◆ Input for this task
+ + + + + + +
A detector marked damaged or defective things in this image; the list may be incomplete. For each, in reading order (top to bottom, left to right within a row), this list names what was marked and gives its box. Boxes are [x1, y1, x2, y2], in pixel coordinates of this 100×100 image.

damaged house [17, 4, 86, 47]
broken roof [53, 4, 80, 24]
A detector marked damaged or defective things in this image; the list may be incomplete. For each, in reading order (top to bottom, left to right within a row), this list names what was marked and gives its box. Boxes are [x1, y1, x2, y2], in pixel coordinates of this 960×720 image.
+ + + + + + +
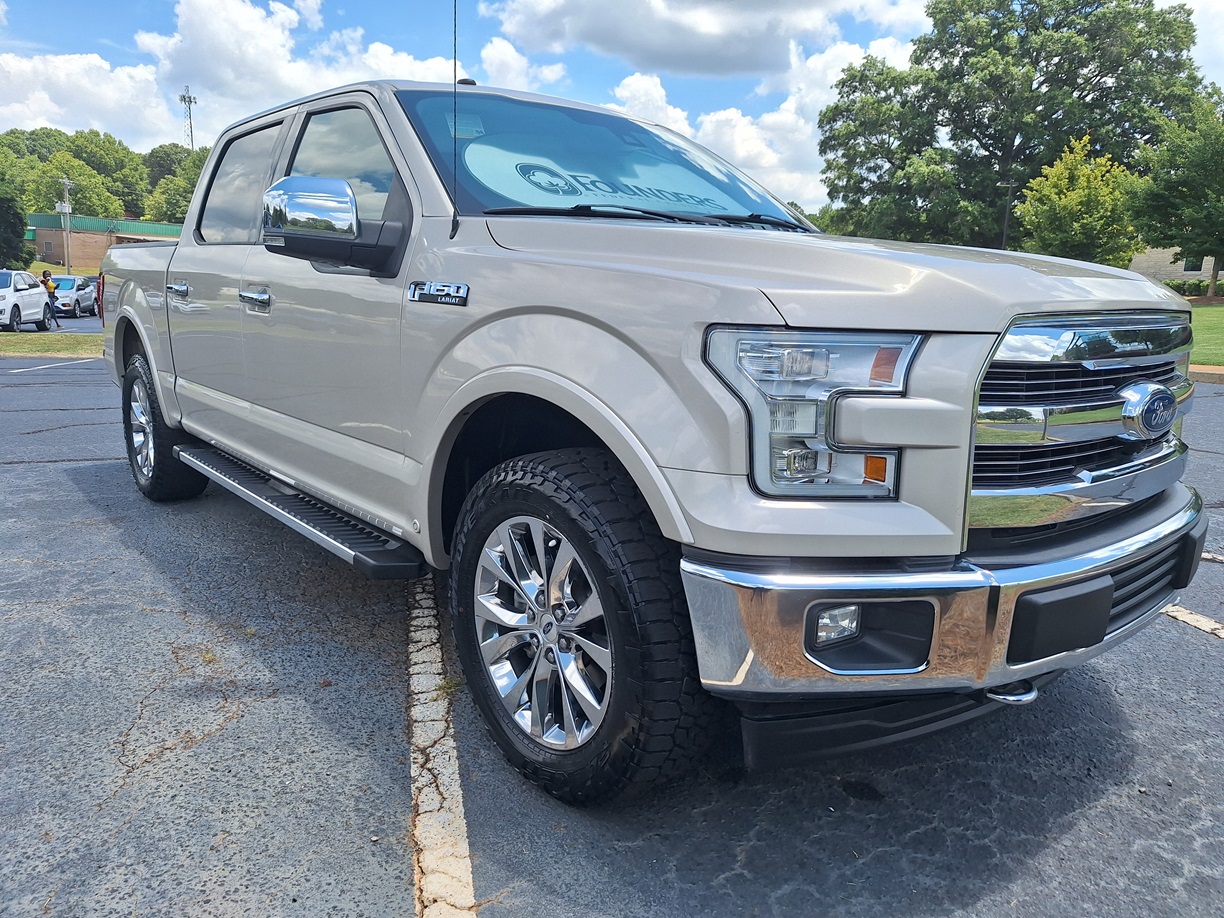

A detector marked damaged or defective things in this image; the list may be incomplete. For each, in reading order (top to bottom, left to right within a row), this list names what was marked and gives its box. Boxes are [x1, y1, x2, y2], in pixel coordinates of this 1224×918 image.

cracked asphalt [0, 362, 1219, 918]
+ + + + + + +
◆ Task goal
From the records above, transcribe without alteration every line from the one with "this 100×100 image." to the one with "this 960×720 image.", inclusive.

◆ Result of this task
A detector marked damaged or defective things in this image; the list may be incomplete. For each, in reading order (top to bottom, left to right within a row), this list names what was marked and gives its box. Boxes are [x1, y1, x2, y2], in pixel coordinates of this 100×100 image.

damaged house [17, 4, 86, 47]
broken roof [53, 4, 80, 24]
A detector marked damaged or defective things in this image; the list may be incomplete. For each, in reading order (top to bottom, left to right within a row), this list names what was marked and gives its box. Boxes are [x1, y1, x2, y2], in pixel coordinates of this 960×720 image.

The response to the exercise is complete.